7. Understand your value and price accordingly
Just because you are looking to land a partnership doesn’t mean you should undersell yourself. Familiarize yourself with pricing around your product or audience. Ask around about what partnerships have cost in the past and get a sense of what sort of media budgets your target brand spends.
That said don’t oversell yourself especially if KPIs might be misaligned. A very engaged audience is a valuable thing, but if a brand is looking for eyeballs, recognize your audience might not hold a lot of worth to some.
8. Project management and campaign execution
Recognize that working with a brand might require skills your current team lacks. You likely have product managers but account teams and project managers are critical to dealing with brands, particular if you have an established scope from which you cannot deviate. Brands do not do well with seat-of-the-pants executions, and their expectations may be for meetings and documentations to be far more buttoned up than you are accustomed to in your own internal teams.
9. Brand standards matter
Brands have invested millions of dollars into their look and feel. A brand’s identity is codified by a creative team and can often be quite granular. So always ask for a brand book so you know the basics of what font treatments, logo usages, and color preferences.

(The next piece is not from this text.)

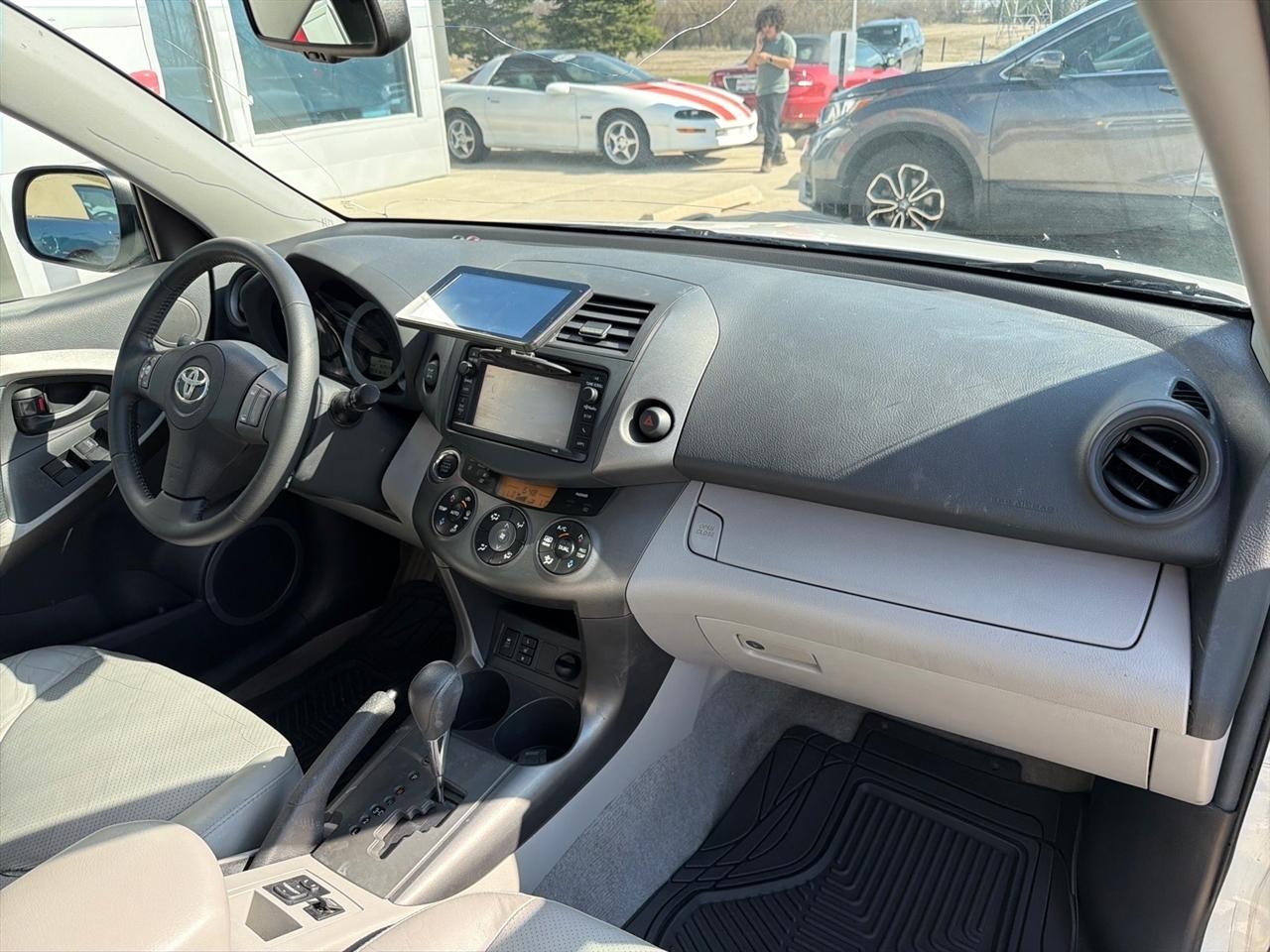 Toyota RAV4 Limited I4 4WD 2012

Nothing turns off a brand creative team more than seeing a logo you pulled off a Google image search!
10. Be patient
Brands and startups can have uneasy relationships that require seemingly endless patience. Small teams and evolving products make it difficult for brands to develop partnerships at young startups while long decision-making processes and multiple stakeholders strain limited startup resources.
Buy-in is often a weeks if not months long process of managing up for teams, so be deliberate. Ask what you can do to arm your brand partners to better sell the campaign in. And don’t despair if a project is killed. There is always another quarter and another budget refresh three months down the road!
That said be careful about wasting your own time. Projects can get killed for political reasons that are opaque to outsiders and it is critical to weigh the ROI of the campaign (whether that is the value of the name attached to the partnerships, the actual dollar amount being paid, or how it adds values to your users) against the amount of time you and your team spend in endless meetings at brand HQ.